That paragraph tells us as much about Charles Schaal as it does about his next project, "The History of the St.Croix Railroad."

The author, following 35 years in church ministry, is the supervising adjuster in Southeast Minnesota for GAB Robins, N.A. Often asked if the two career tracks clash, he says, "Ministry is about people and interpreting their needs in relation to a set of non-negotiable principles. Insurance adjusting seeks to meet the needs of people by interpreting the pre-negotiated rules. Both are about people, needs and interpretation. There always is a story. Each person needs to tell and understand their story to answer the questions of personal significance."

Charles is a resident of Rochester, Mn. He and his wife of 35 years, Viki Robertson Schaal, are both native Texans and have two married daughters, Tonia Schaal Montgomery and Melanie Schaal Bersano, and five grandchildren.
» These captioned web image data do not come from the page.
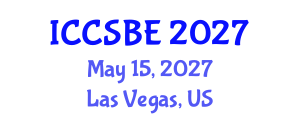 International Conference on Cognitive, Social and Behavioural Sciences (ICCSBE) May 15, 2027 - Las Vegas, United States International Conference on Cognitive, Social and Behavioural Sciences (ICCSBE) May 15, 2027 - Las Vegas, United States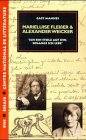 Marieluise Fleisser und Alexander Weicker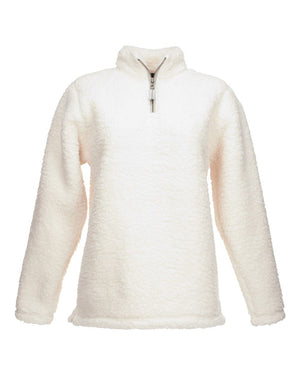 Women's 1/4 Zip Sherpa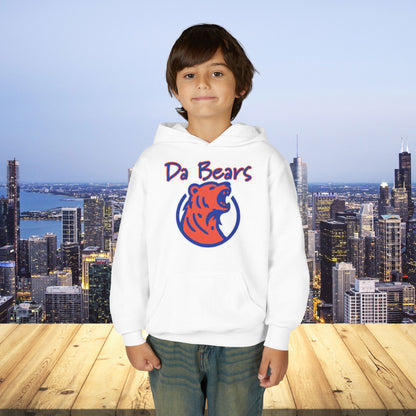 Da Bears Logo Youth Hoodie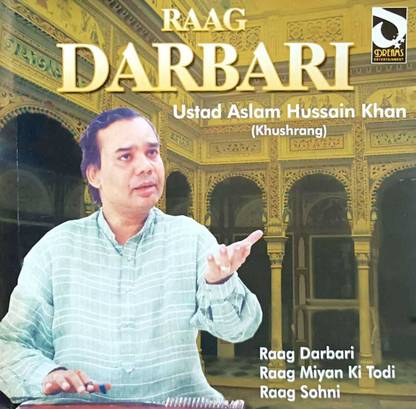 RAAG DARBARI Audio CD Standard Edition
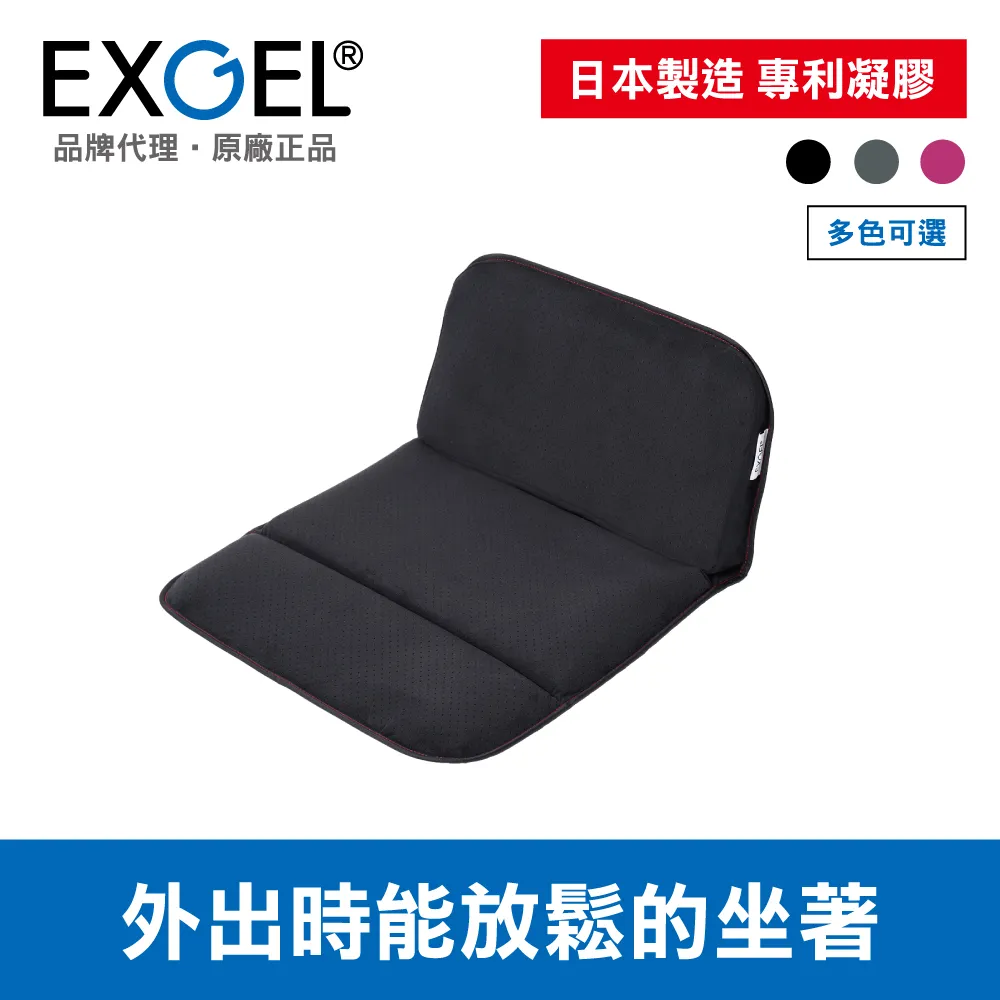 EXGEL 行動折疊坐墊L 日本製 (多色可選) 歷史價格詳細信息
Charles believes the strength of a family is tested in its ability to stretch and twist without breaking. "We faced life together these last 35 years. Whether it involved career decisions, health challenges or moving 900 miles from home, this was a family journey. Our stories can't be told without hearing the others."
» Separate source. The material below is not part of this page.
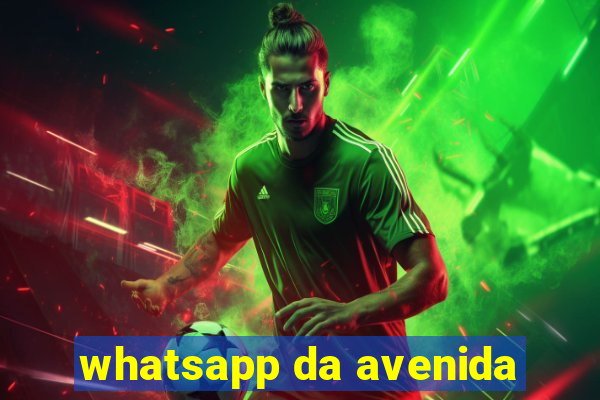 whatsapp da avenida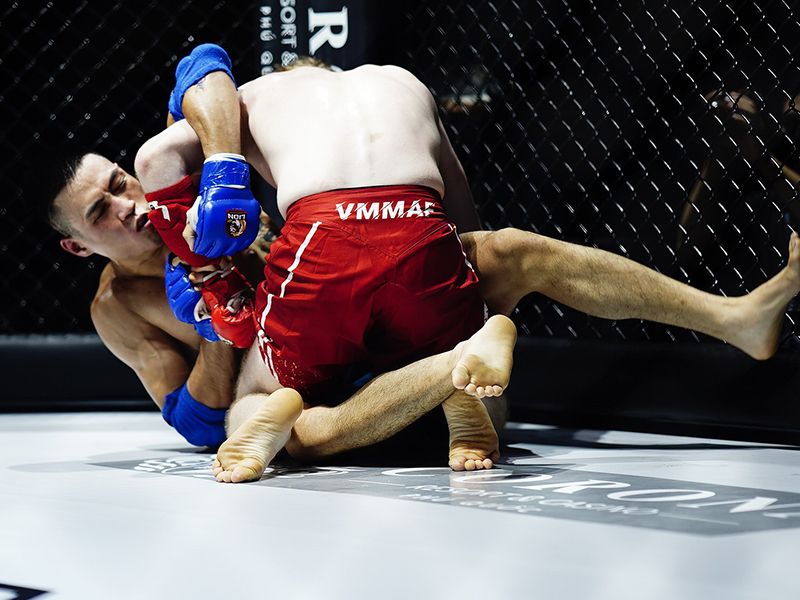 Đại diện của Kickfit Sports có trận đấu ra mắt với nhiều thiếu sót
Charles' education track includes Bay City High School, Wharton County Junior College where he was Student Body President, Houston Baptist College and Midwestern Baptist Theological Seminary, Kansas City, MO. The fields of study included music, ministry and education.

His writing career includes numerous published articles in newspapers. Among these was a syndicated column carried by small Mid-Missouri newspapers while pastor at the Rothville Baptist Church, Rothville, MO. Writing for newspapers kept Charles in touch with people and their passions. "The people of South Texas and Mid-Missouri are not unlike their neighbors in the upper midwest. They are strong, proud and optimistic. They have a firm hope in the future. The welfare of their family is a primary goal."

When asked why writing continues to be his passion, he said, "I enjoy writing about people and their dreams. I love hearing how, against all odds, they overcame all that opposed them. I am fascinated to know how they changed and what stayed the same. I want to tell those stories. They make up the fabric of who we are as a family, community and nation."